It began in the Garden of Eden…..the horrific decent away from community into the pit of individualism and isolationism. Satan had accomplished more than a disobedience, he had severed relationships. The relationship between God and man (our vertical relationship), and relationship between men (our horizontal relationships) were severed. The diabolical serpent had introduced the first anti-Christ thinking (Genesis 3:4). He suggested taking God out of the picture. Eve and Adam’s gaze shifted from God to self. Where their consciousness had only been God-aware they now were self-aware. Where they had been a community of three, integrated parts of a whole, part of a divine “belonging”, they were, in an instant, torn from each other – emotionally and spiritually isolated. They instantly became “hiders” (Genesis 3:8). Their children were born into “aloneness” and, in turn, became hiders. They were individuals with such a lack of connectedness that murder was now an option (Genesis 4:8).

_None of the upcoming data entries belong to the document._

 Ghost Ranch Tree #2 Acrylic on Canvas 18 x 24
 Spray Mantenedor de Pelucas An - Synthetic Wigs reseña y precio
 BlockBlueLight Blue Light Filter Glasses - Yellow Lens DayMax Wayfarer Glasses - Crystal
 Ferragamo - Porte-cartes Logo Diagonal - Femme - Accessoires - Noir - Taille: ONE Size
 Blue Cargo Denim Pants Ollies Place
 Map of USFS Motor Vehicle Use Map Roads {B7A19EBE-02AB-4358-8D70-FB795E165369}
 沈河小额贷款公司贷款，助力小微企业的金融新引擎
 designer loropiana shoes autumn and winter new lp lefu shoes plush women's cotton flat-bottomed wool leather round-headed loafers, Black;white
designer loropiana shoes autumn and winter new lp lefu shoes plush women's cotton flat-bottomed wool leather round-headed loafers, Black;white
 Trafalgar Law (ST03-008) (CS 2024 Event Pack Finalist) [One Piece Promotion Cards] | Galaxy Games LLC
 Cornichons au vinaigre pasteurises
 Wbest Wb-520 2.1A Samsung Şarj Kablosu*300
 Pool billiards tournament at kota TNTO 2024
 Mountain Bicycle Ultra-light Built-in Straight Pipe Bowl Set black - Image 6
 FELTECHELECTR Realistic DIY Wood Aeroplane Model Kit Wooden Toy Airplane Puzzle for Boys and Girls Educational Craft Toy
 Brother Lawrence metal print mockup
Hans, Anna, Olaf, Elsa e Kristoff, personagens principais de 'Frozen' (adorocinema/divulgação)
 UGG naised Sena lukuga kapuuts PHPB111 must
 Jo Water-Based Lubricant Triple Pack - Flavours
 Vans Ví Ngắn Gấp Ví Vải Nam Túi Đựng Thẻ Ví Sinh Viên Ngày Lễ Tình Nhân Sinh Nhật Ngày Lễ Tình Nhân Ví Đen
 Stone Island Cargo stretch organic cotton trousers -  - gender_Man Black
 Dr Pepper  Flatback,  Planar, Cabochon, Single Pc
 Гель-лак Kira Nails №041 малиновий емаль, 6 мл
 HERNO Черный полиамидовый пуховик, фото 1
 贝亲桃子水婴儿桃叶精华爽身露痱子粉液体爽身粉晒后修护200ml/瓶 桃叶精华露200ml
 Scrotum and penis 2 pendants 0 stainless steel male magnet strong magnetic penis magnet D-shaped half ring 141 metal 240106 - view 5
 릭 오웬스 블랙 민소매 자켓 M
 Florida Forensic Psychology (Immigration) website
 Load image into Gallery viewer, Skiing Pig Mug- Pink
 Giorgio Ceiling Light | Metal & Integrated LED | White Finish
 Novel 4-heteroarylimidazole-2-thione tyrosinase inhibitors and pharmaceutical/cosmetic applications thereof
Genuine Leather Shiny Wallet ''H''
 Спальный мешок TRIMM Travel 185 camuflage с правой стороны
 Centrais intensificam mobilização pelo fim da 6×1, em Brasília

In God’s ancient idea we were not created for aloneness – that is why it is so shattering, so harsh, and decimating. To be alone means to be separate, apart, solitary, by oneself, and isolated from others. In the great “Beginning”, Eve was given to Adam because it was not good for man to be alone (Genesis 2:18). When they took Satan up on writing the end of their own story, they bought into individualism, dismissing God, and ultimately isolating themselves…..ripe to become the prey of Satan and continued anti-Christ thinking.

God, in unwavering pursuit of us, put His great plan of recovery into motion. He would buy back the original relationship at great cost to Himself. He would shatter “aloneness” by bearing the ultimate severed relationship on the cross of Christ. He would reconcile all things to Himself, banishing aloneness, and reuniting us to community with Him and with each other. On the cross “He became sin for us” (2 Cor. 5;21), bearing the full brunt of severed relationship alone as He cried out, “My God, My God, why have you forsaken Me?” (Matt. 27:46)

On rising from that death, Christ provided to those who would become the children of God relationship reinstated with God and man. Aloneness would no longer exist for the child of God. He said, “I will never leave you or forsake you.” (Hebrews 13:5) The promise of His Presence is a constant. He also reconciled relationship within the race of men and we became mystically drawn into the Body-relationship of believers. ( I Cor. 6:15, I Cor. 6:19, I Cor. 12: 27) Our glorious Head (Col. 1:18) intimately connecting us again. No individualism, no “aloneness.”

Solitude is different than aloneness. It is a needed practice for the follower of Christ. He modeled it for us. “Quietude, which some men cannot abide because it reveals their inward poverty, is a palace of cedar to the wise, for along its hallowed courts the King in His beauty deigns to walk.” (C.H.Spurgeon)

Our solitude still finds Him present – even solitary confinement does not find the believing one alone. So, should the follower of Christ experience “aloneness”? Scripture doesn’t support it as a path for the believing follower of Christ. Is it sometimes experienced? Yes.
A believer can choose to isolate themselves from the Body-experience Christ provides. Sin can reintroduce hiding to us. Anti-Christ thinking can be adopted by the believer who leaves Christ out of thought.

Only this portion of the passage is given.